Most business ventures aren't launched by bringing tree bark to friends' parties. But that is precisely how Jordan Silbert, 34, got into the artisanal tonic-water trade.
After graduating from Brown University in 1998, Silbert moved to Sonoma, Calif., where he worked on tech projects for the County of Sonoma Economic Development Board. He later managed the disney.com (DIS) account at an interactive marketing company. Then Sept. 11 happened, and he returned to New York City to work for the Downtown Alliance, which manages Lower Manhattan's Business Improvement District.
One night in 2003, Silbert was drinking a gin and tonic in his Brooklyn backyard when his teeth started feeling sticky. He saw that the tonic's "ingredients were identical to Sprite, with different natural and artificial flavors," he says. Curious, he discovered that today's tonics lack a key ingredient used in the original libation: quinine from Peruvian cinchona trees. It was replaced with a synthetic during World War II. Silbert ordered the bark for $10 online and found a recipe to extract the quinine. He added homemade seltzer and agave instead of sugar. He started making the tonic at parties, and his friends loved it.
Silbert started business school at Yale University in 2004 with plans to go into city development. He still tinkered with tonic, and a professor—an Honest Tea co-founder—encouraged him. Working on a business plan, Silbert realized he needed a bottling facility and found one in Worcester, Mass. Investors provided $3,000 for ingredients and bottles, and Q Tonic was born. Then he offered samples on foodie websites.
New York standard-bearer Gramercy Tavern was an early adopter, and farm-to-table trendsetter Blue Hill at Stone Barns in Pocantico Hills, N.Y., signed on when Silbert ate there and brought Q Tonic with him.
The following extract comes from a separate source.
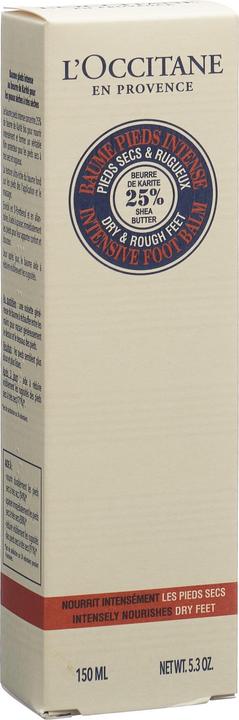 Immagine prodotto L'Occitane Karite Baume Intense Pieds (Crema piedi e gel piedi, 150 ml)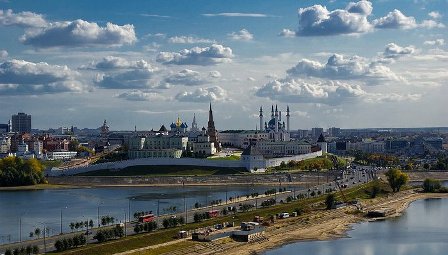 В Казань в мае будет ходить туристический поезд из пяти городов России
Downtown hot spot Bobo soon followed. "At first it was part of our competitive edge," says Bobo owner Carlos Suarez. "Now I'd be surprised not to see it at a sophisticated cocktail bar in Manhattan." Q Tonic has grown to six employees and is in more than 3,000 outlets, including Whole Foods Market (WFMI). Silbert calls it a start: "The goal is for every place serving Grey Goose or Tanqueray to have a good tonic to go with it."
A STIRRING VENTURE
— Startup costs: $35,000. Silbert also had free use of an apartment in New York City for six months.
— Cases of Q Tonic sold in 2010, compared with fewer than 500 in the brand's first year: 65,000.
— Cost to rent the facility where he bottled his first 200 cases: $500.
— Number of financing rounds Silbert has raised to expand his company: 4.